Derluguian seems to have been betrayed indeed by a logical gap in Wallerstein's work, one that lies at the core of this article's main point: geoculture, if it is to be a meaningful concept, must predate the transformations of the 19th century, something that will be discussed in more detail later. Anyway, only two references for geoculture in the whole collection of the Journal of World-Systems Research makes the case for a missing concept.

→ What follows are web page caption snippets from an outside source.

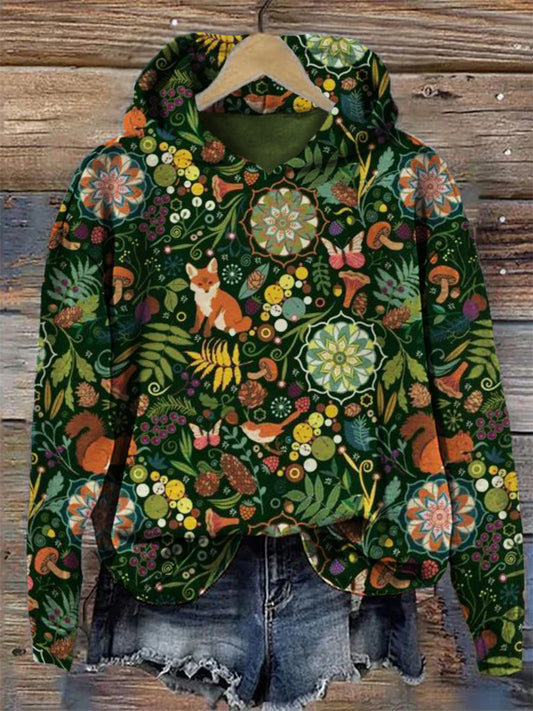 Forest Animals Floral Pattern Cozy Hoodie artswardrobe
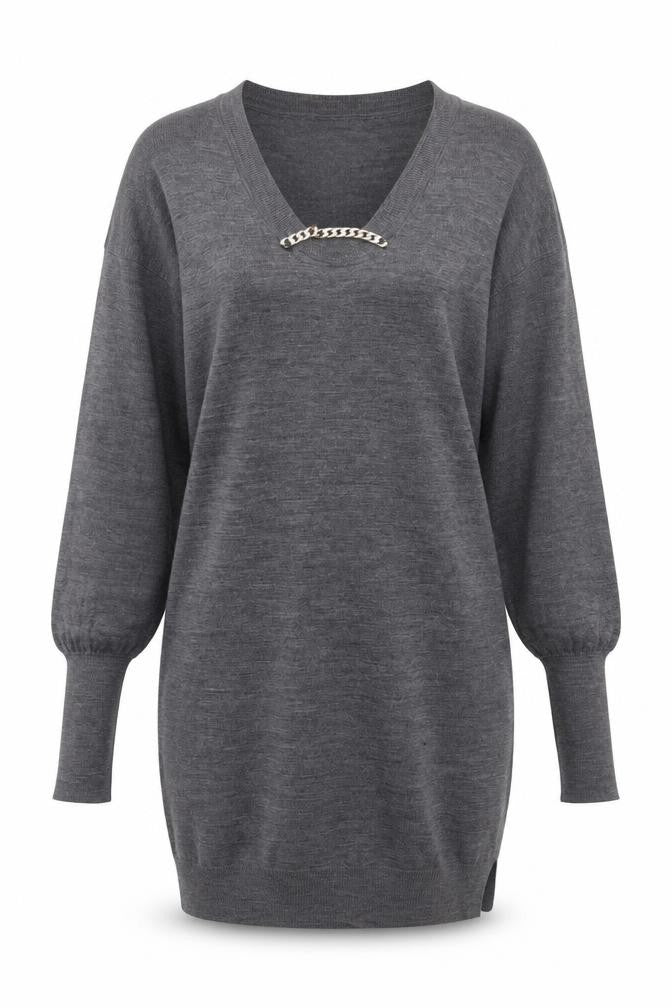 Womens UK S Regular Jaeger Grey Pullover Tight-Knit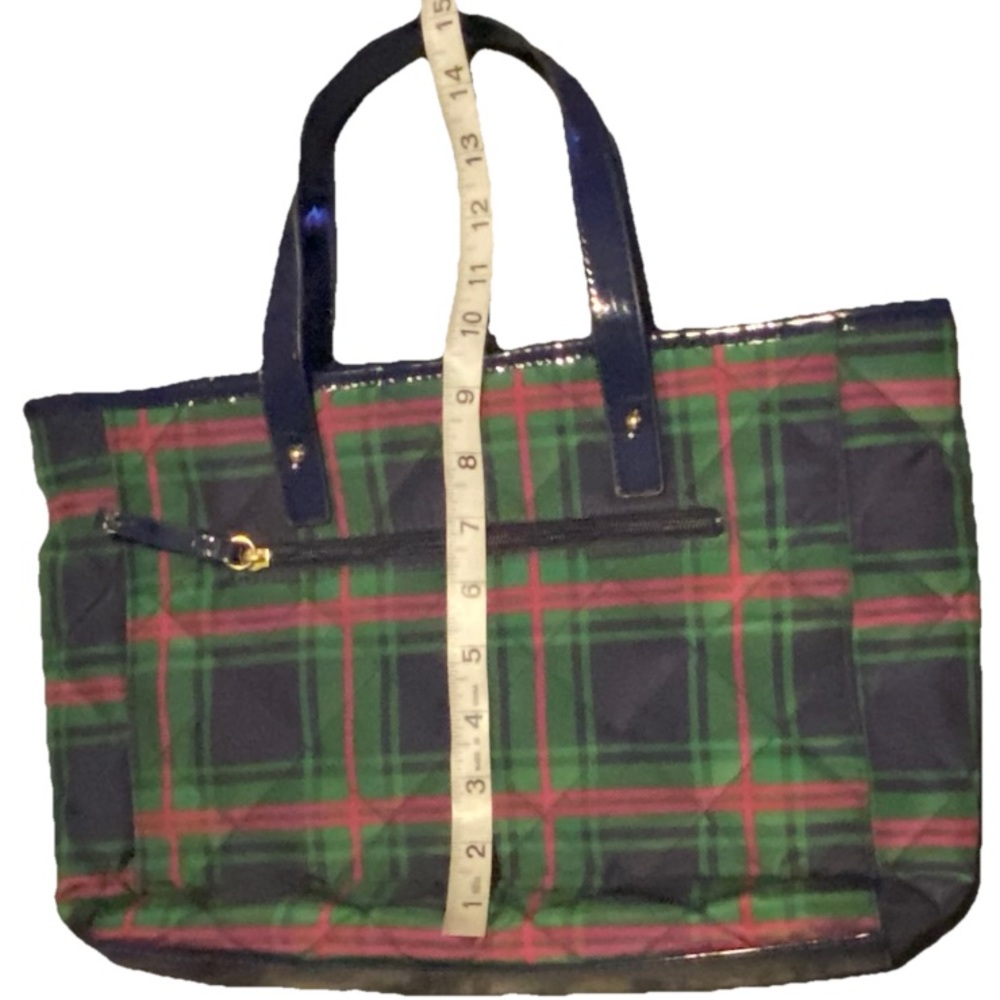 Tommy Hilfiger Blue and Green Plaid Tote - Picture 4 of 9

Concerning another main reference for world-systems analysis, the Routledge Handbook of World-Systems Analysis (Babones and Chase-Dunn 2012) the situation is not different. ‘Geoculture’ is not even listed in the index as a main entry. The index's list moves from ‘genuine savings indicator’ to ‘geographically-integrated history research’ (Ibid.: 527). The only place where the word ‘geoculture’ can be found in the index is as a sub-heading of the main entry ‘knowledge structures’, as ‘geoculture of historical capitalism’ (Ibid.: 530). That sub-heading refers to the single reference to geoculture in the whole book, in a chapter where Richard Lee (2012: 105) affirms that ‘the geoculture of historical capitalism has been periodically reconstituted through a series of medium-term fluctuations’. Unfortunately, such an interesting hypothesis is not explored much in the text and no specific references to it are provided. Nevertheless, Lee's work will be discussed ahead as a basis to the understanding of geoculture as proposed in this paper. So, in that Handbook we have one single reference to ‘geoculture’. But one should think twice before criticizing the editors. After all, they warn us at the book's introduction ‘All in all, this handbook arises out of a good-faith attempt to represent world-systems analysis as it is practiced in the field, not as it was laid out by the founders or defined by the editors’ (Babones and Chase-Dunn 2012: 6).

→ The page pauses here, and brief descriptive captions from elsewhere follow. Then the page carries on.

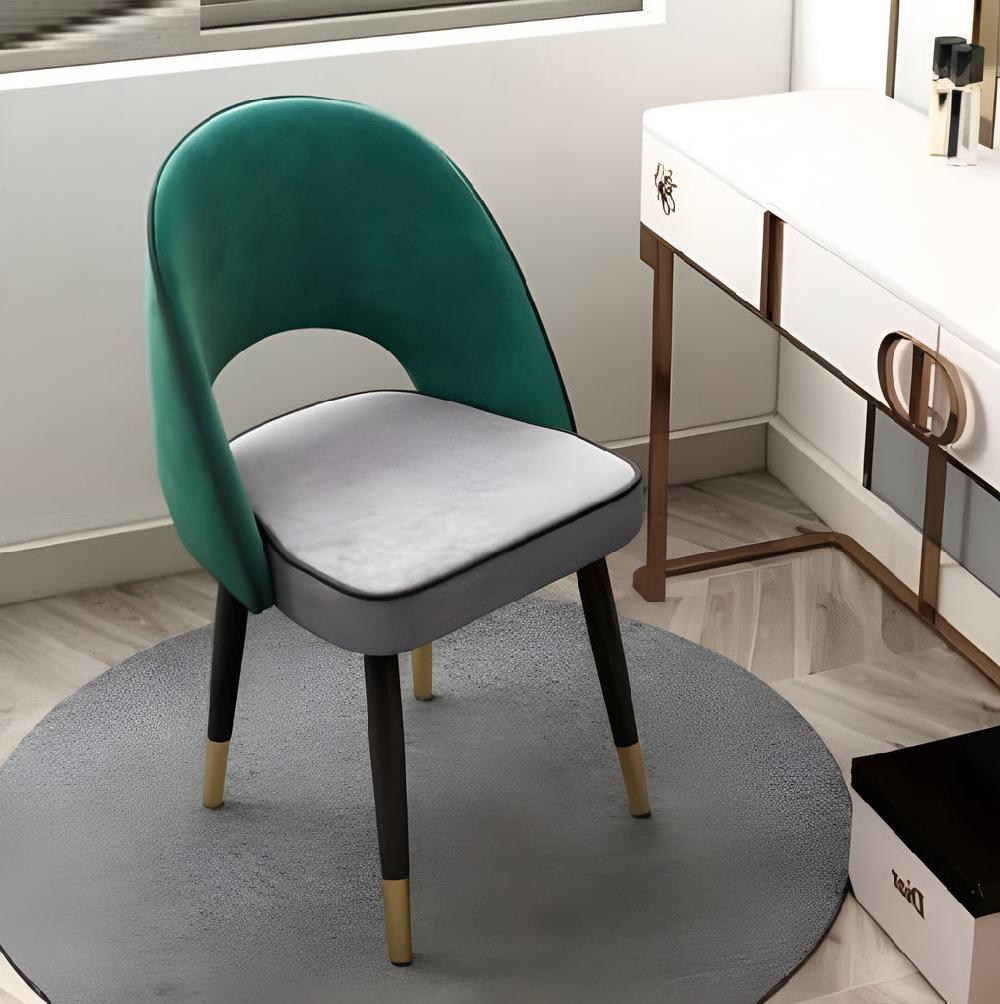 Lixra Set Of 4 Velvet Finish Fabric Dining Chairs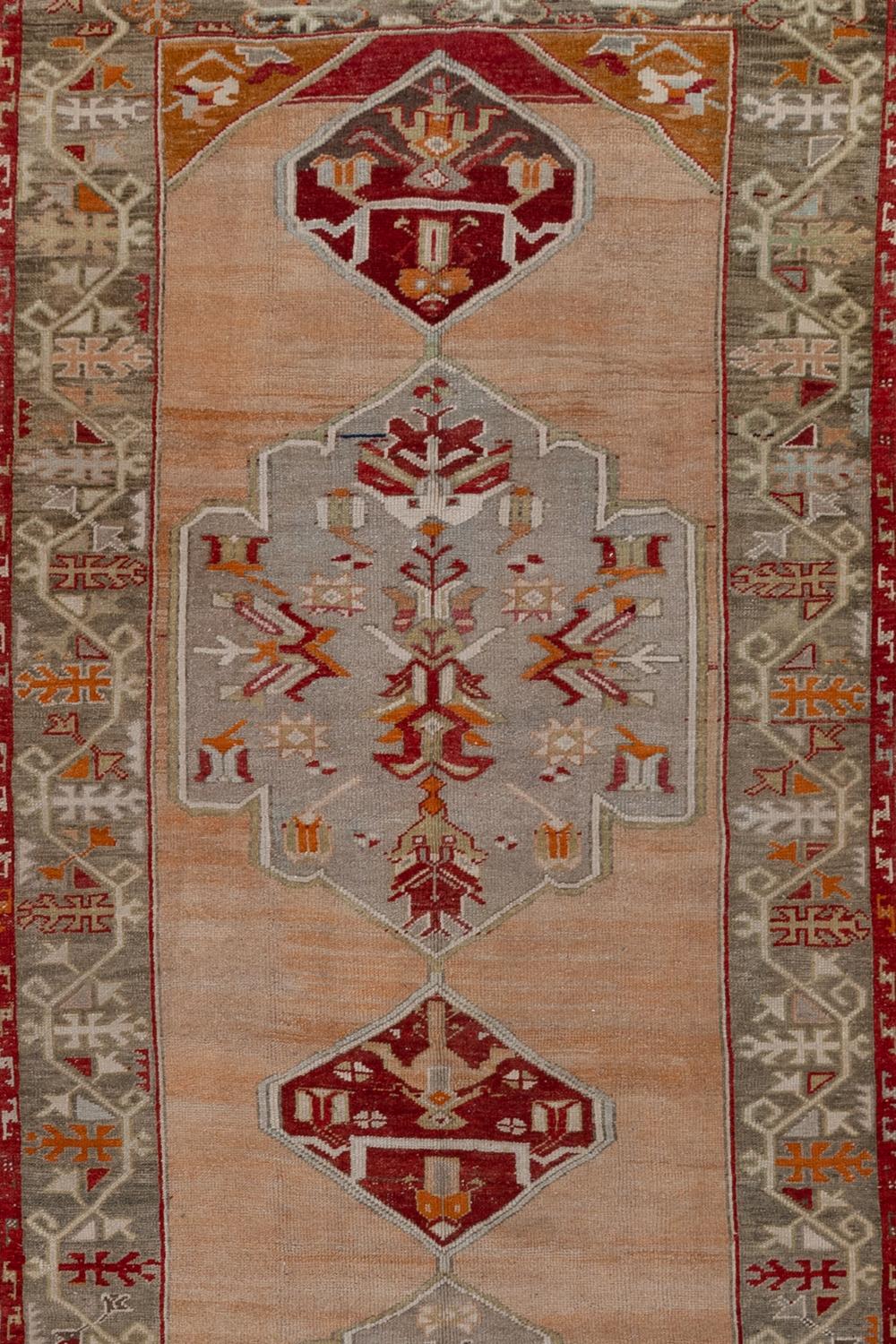 Vintage Turkish runner, 70 years. Low shaved pile. Traditional Seljuk motif. Incredibly unique and beautiful piece. Contact for more details.

Wear notes: none

Vintage rugs are made by hand over the course of months, sometimes years. Their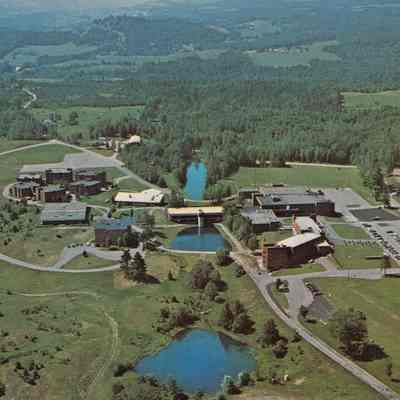 Lyndon State College Campus Circa 1980s - 90s - Aerial Real Color Photo Postcard - from the David & Beth Kanell Collection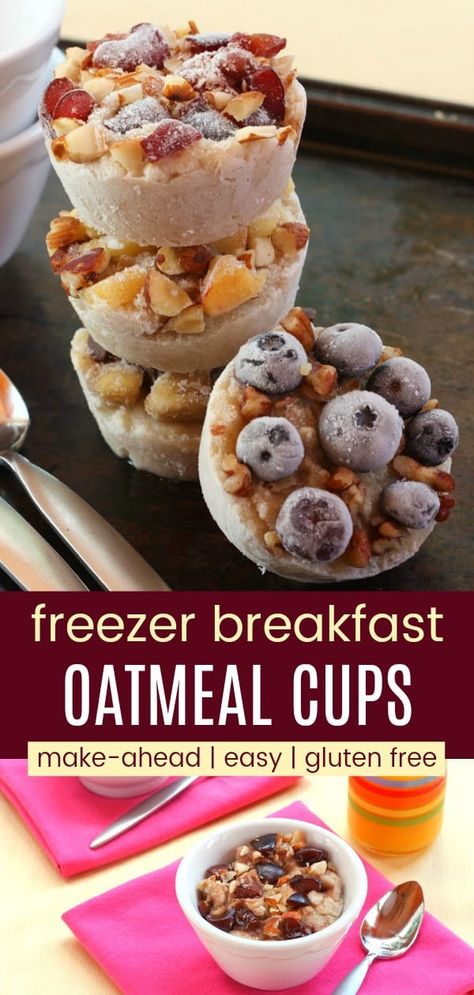 Breakfast Oatmeal Cups, Freezer Oatmeal, Frozen Oatmeal, Make Ahead Oatmeal, Freezer Breakfast Meals, Mealprep Breakfast, Healthy Make Ahead Breakfast, Breakfast Cupcakes, Oatmeal Breakfast Bars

And that is exactly how world-systems analysis is currently ‘practiced in the field’: with almost no reference to geoculture. Another piece of evidence can be extracted from searching for ‘geoculture’ in the collection of Review. Only one article (Wilson 2009) has the word in its title. And we are talking here of thirty-five volumes, beginning in 1976, so covering all the period during which the concept has been ‘alive’. The question is unavoidable: why is geoculture missing?

3.1. A brilliant but underdeveloped insight?

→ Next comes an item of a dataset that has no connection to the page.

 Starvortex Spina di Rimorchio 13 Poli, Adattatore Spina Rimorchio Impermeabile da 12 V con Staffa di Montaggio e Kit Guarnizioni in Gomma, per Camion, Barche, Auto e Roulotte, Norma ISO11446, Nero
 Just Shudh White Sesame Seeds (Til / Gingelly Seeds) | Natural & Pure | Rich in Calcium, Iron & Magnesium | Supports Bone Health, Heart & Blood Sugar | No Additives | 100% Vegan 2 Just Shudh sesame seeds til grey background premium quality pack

Perhaps, one of the reasons for the lack of research on geoculture is its conceptual underdevelopment. If we accept Wallerstein's ideas about geoculture, there is indeed not much to be explored: geoculture as such only became important after the French Revolution, and more specifically, only after the revolutions of 1848. As quoted above, he does not even recognize the existence of ideologies previously to the Revolution. And the action surrounding geoculture has essentially ceased after the triumph of centrist liberalism during the 19th century. Only the world revolution of 1968 would change things, but then the Wallersteinian concept of geoculture essentially fades away from history, except something that was brought down by the 1968 events. In other words: geoculture as a phenomenon is something limited to the period between 1789 and 1968. A brilliant insight – the need for a cultural background for a world-system – was largely neutralized by one assumption: no ideologies were needed before the modern world-system late stage of development (see Wallerstein 2004: 60). I sustain here that Wallerstein, by doing that, has taken one single species (the geoculture of the late modern capitalist world-system) for the whole genus (geoculture). I also sustain that in his work itself we have evidence for that fact.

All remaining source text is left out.